Despite this slave-for-sin strategy, the abhorrent practice of slavery is not completely banned in Islam.


Concubinage, as a sub-product of slavery, is an issue that is recognized by Islam even today as legitimate. There are many references to concubinage in the Quran:

-          If ye fear that ye shall not be able to deal justly with the orphans, marry women of your choice, two, or three, or four; but if ye fear that ye shall not be able to deal justly (with them), then only one, or (a captive) that your right hands possess. (4:3; see also 4: 24, 25, 36; 10:33, 58; 30:28  )

Nevertheless, it must be noted without hesitation that some of Prophet Mohammed's behaviors and attitudes are completely in contradiction with those of the Islamic scholars that came much later after him and furiously hampered any attempt to modernize Islam and contextualize some of the controversial Quranic verses.

Regardless of the varying positions of some of his early successors on "the ultimate validity of the Quran", some important Quranic provisions were suspended shortly after Mohammed’s death according to the needs of the then newly-established Muslim state.

The flexibility with which Mohammed dealt with mundane issues of his time is quite apparent in the story of the Islamic prohibition of wine. In the beginning, it was considered that wine gives an inebriety and sustenance: “And from the fruit of the date-palm and the vine, ye get out wholesome drink, and food” (16:65).

In another verse, however, we read a different view: “They ask thee concerning wine and gambling. Say: ‘In them is great sin, and some profit, for men; but the sin is greater than the profit’” (2:216).

A third verse seems to frown upon wine as it views as detrimental to one’s communication with the divine: “O you who have believed, do not approach prayer while you are intoxicated until you know what you are saying” (4:43).

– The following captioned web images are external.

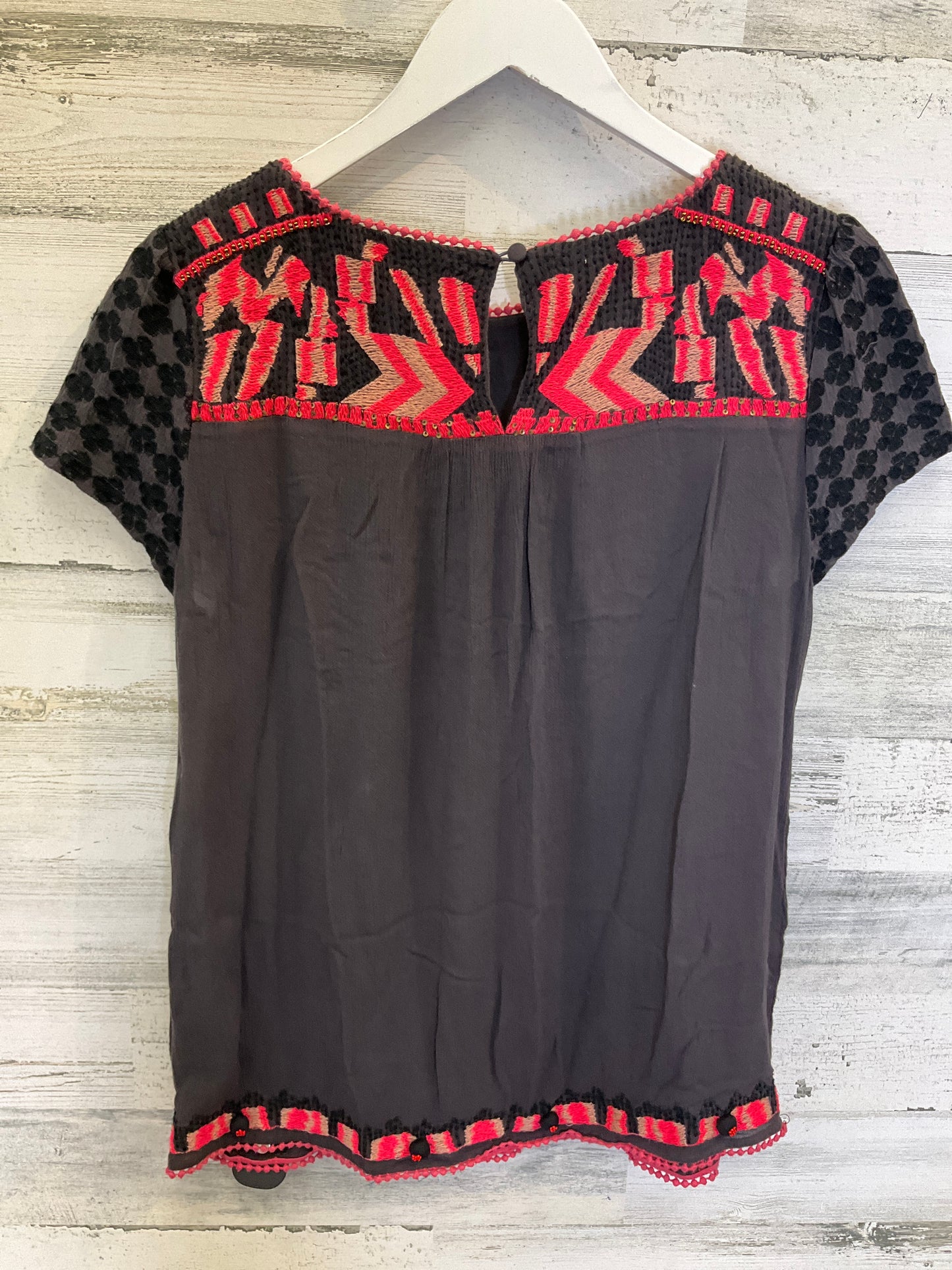 Brown & Pink Top Short Sleeve Hd In Paris, Size S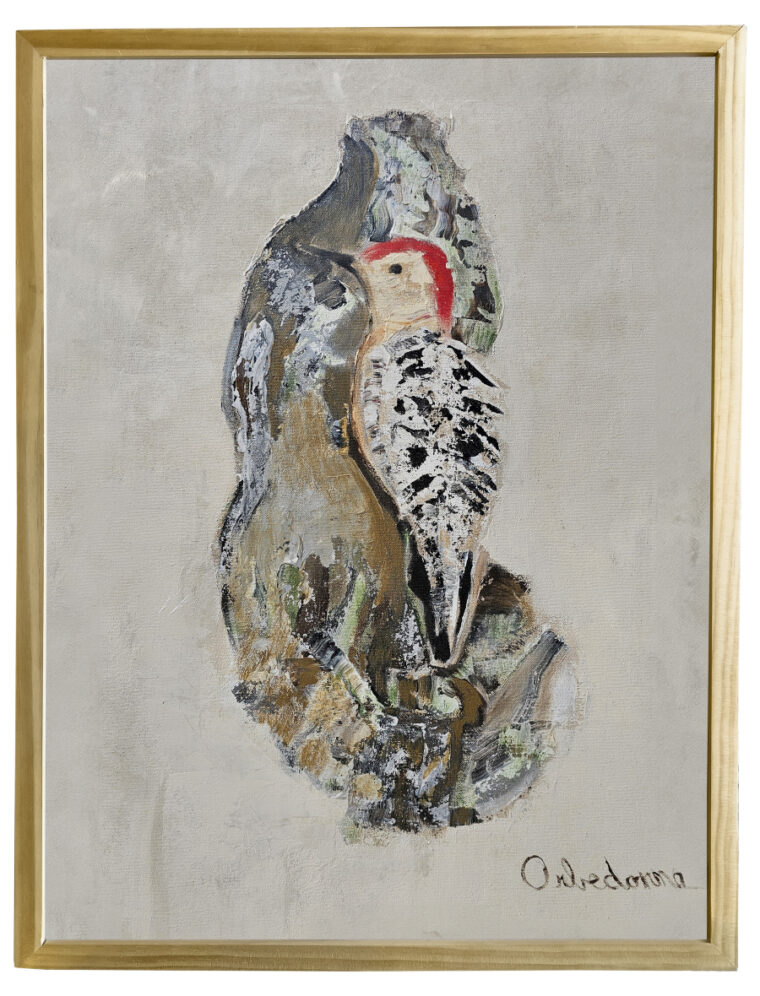 Woodpecker on Bark Original Art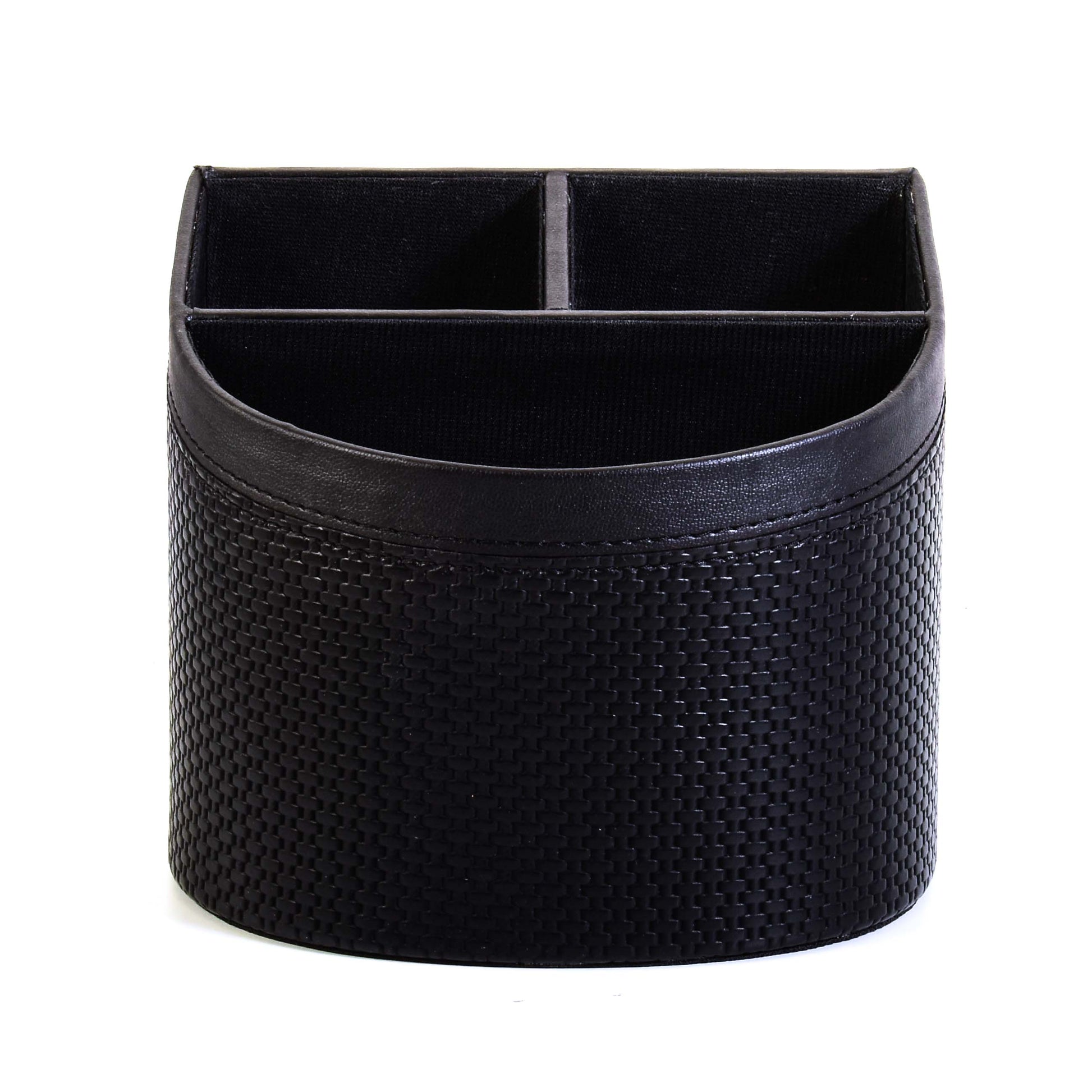 Leatherette Remote/Stationery Holder | Black | Capsule Ichkan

Then at last, one of the latest suras (chapters) of the Quran forbids wine all together and deems it as evil: “O ye who believe! Intoxicants and gambling, (dedication of) stones, and (divination by) arrows, are an abomination of Satan's handiwork: eschew such (abomination)” (5:90).

Furthermore, in his seminal book, The Text and Ijtihad, Abd Al-Husain Sharaf Al-Dien, the notable Shiite thinker, details myriads of ijtihads of the senior companions of the Prophet which are contrary to the Quran. So, some of them, among many, are related to Omar bin al-Khattab, the second Caliph of Muhammad.

The Sira (biography of Muhammad) tells us that the Prophet was paying to people whose faith was weak in order to maintain their Islam, and thus their loyalty would be guaranteed. This behavior was supported by some Quranic texts, including:

-          Alms are for the poor and the needy, and those employed to administer the (funds); for those whose hearts have been (recently) reconciled (to the truth); for those in bondage and in debt; in the cause of Allah; and for the wayfarer: (thus is it) ordained by Allah...(9:60)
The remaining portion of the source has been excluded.